> [What to produce]: From the line containing "Trystan Griffiths - opera" to the last line of the listing, both included, copy every line exactly and drop the pictures.

> [Source data]:
※

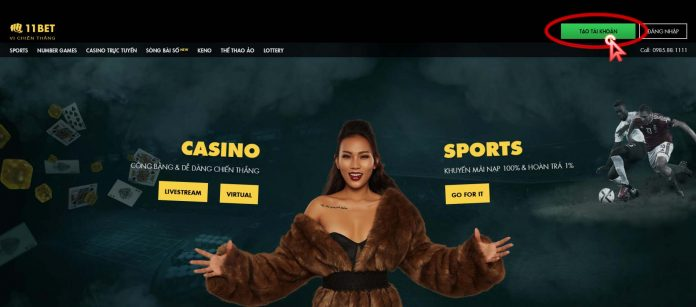 Thế giới cá cược các trò chơi có trên 11bet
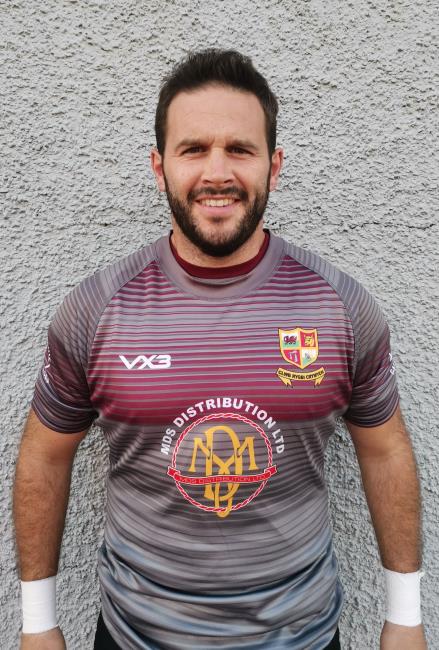  Trystan Griffiths - opera singer turned try scorer for Teirw Crymych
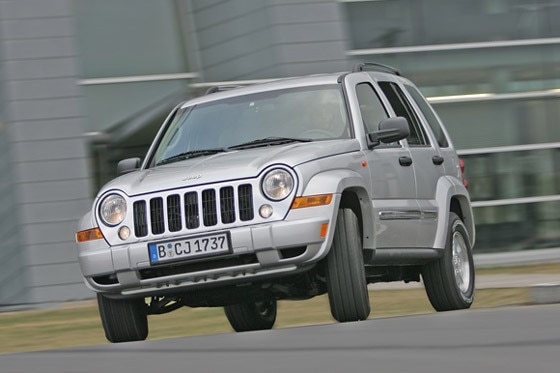Rückruf Jeep Cherokee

※

> [Task response]:
  Trystan Griffiths - opera singer turned try scorer for Teirw Crymych
Rückruf Jeep Cherokee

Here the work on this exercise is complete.